Some example usage. A simple idempotent problem

X,Y,Z,A,B,C = Vars("X Y Z A B C")
f = Function("f")

db = ProofDB()

print(f"{f(f(X)) == f(X)=}")
print(f"{type(f(f(X)))=}")
involute_f = db.assume(f(f(X)) == f(X))
print(f"{involute_f=}")
print(all(list(isinstance(h, Theorem) for h in [involute_f])))
thm1 = db.infer([involute_f] , f(f(f(f(X)))) == f(X))
#thm2 = db.infer([involute_f],  f(X) == X)

f(f(X)) == f(X)=f(f(X)) = f(X)
type(f(f(X)))=<class '__main__.Fn'>
involute_f=Theorem([] |- [f(f(X)) = f(X)])
True

Two simple theorems of group theory

mul = Function("mul")
inv = Function("inv")
e = Const("e")

db = ProofDB()
right_inv = db.assume(mul(X, inv(X)) == e)
right_id = db.assume(mul(X, e) == X)
assoc = db.assume(mul(mul(X, Y), Z) == mul(X, mul(Y, Z)))

group_ax = [right_inv, right_id, assoc]

left_inv = db.infer(group_ax, mul(inv(X), X) == e)
left_id = db.infer(group_ax, mul(e, X) == X)
#comm = db.infer(group_ax, mul(X, Y) == mul(Y, X))
print(left_inv, left_id)

Theorem([] |- [mul(inv(X), X) = e()]) Theorem([] |- [mul(e(), X) = X])

Bits and Bobbles

Next I probably want the typed form of tptp supported and it is especially appealing to use thf which supports lambdas.

I intend to match the base formalism of my system to what the automated solvers offer. This hopefully avoids some impedance mismatch that occurs in sledgehammer systems.

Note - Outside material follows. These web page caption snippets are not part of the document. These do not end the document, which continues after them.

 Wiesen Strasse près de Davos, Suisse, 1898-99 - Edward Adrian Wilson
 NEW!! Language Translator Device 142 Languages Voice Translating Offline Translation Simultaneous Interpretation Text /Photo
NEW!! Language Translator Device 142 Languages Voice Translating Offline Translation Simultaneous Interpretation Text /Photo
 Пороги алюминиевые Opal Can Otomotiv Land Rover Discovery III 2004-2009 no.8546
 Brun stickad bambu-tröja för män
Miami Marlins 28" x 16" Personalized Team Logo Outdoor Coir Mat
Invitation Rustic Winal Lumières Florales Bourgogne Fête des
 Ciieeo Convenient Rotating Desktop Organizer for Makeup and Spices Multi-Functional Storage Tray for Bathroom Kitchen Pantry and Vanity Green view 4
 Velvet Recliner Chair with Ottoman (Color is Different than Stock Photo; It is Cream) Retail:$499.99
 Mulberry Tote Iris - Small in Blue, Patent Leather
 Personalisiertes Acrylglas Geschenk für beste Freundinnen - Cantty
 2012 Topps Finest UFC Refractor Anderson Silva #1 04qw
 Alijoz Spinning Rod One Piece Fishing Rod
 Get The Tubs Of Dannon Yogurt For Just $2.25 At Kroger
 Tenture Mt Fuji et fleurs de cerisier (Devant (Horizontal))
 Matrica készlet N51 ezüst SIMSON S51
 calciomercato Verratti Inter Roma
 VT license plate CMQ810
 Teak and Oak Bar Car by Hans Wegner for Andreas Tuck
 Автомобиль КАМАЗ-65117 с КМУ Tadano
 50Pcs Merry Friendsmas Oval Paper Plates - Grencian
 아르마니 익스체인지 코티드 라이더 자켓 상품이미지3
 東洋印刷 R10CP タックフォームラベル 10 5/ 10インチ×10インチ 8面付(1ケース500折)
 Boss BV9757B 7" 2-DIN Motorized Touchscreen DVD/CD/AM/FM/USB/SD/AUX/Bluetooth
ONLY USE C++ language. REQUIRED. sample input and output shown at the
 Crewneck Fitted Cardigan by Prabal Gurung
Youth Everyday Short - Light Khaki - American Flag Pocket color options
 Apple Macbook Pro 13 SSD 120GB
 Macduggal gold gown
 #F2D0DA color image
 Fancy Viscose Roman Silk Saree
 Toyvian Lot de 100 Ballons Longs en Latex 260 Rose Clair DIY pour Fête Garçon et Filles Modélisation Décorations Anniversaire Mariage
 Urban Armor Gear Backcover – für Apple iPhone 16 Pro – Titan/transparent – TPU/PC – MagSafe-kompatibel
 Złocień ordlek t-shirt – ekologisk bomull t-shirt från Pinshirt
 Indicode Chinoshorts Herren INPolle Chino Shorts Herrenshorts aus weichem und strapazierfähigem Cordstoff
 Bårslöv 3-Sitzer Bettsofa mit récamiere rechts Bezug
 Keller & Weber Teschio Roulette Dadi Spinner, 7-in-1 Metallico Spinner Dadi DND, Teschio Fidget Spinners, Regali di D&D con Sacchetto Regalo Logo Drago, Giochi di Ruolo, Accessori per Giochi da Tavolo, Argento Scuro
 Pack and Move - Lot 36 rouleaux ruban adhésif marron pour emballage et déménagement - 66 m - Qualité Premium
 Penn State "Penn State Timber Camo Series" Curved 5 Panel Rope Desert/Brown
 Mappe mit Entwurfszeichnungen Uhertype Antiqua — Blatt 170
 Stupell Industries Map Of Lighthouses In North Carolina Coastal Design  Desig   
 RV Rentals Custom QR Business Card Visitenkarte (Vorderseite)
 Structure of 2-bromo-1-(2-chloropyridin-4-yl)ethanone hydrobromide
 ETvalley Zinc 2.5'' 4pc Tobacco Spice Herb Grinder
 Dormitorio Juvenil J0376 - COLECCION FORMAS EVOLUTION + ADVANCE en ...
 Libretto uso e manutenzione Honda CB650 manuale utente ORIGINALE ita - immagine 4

I find it a very interesting perspective to not consider these automated theorem provers as classical first order predicate logic reasoning, but instead as operating at various levels of metalogic. The resolution rule is itself constructing partial proof trees. Each clause is a sequent judgement. Perhaps this has something to do with multiple conclusion logic https://en.wikipedia.org/wiki/Multiple-conclusion_logic

That there isn’t a good library already in python for unification, lambda evaluation, term indexing is somewhat mysterious to me.

I wonder if I’m inching towards just building python versions of everything. Unification, simple resolution provers. We’ll see. It’s nice to have that stuff in the library if I do.

I probably also should just make dataclasses for special logical formula constructos like ForAll, Exists, And, Or, Implies, etc.

HOLpy is a tour de force. They should’ve made it a library though. Making their own fronted seems like a bad battle to pick, but what do I know.

Isabelle is so good.

There is probably a clean prolog version of this. asserta keyed theorems to a proof_db protected by assume/infer predicates. Lambda prolog and Amy Felty’s tutorial. I’m not sure why I am unaware of something like this in the modern prolog community. The new python interop

Python Packaging and wrapping

Packaging binaries for pip installation

I have been enjoying pyproject.toml.

A low brow way of packaging up a binary for usage and installation by pypi is to just put the binary in the folder and setup your pyproject to include it.

I’m figuring it out here https://github.com/philzook58/pyvampire/blob/main/pyproject.toml

static builds are preferable

I got the good idea of wrapping stuff here https://simonwillison.net/2022/May/23/bundling-binary-tools-in-python-wheels/

cibuildwheel is what Ian suggested. This does look pretty good.

One way is to use setuptools to run a build. build_ext See pypcode

python3 -m build will make a wheel

Cosmo

Cosmopolitan is a tempting thing that might get you OS interoperability

notes. Editted std/unistd to just unistd in picosat. Also in picosat remove CC setting line. I also need to make export AR="cosmo-ar " removed CC setting line in eprover makefile. Actually maybemake CC=../cosmoyada` would’ve worked.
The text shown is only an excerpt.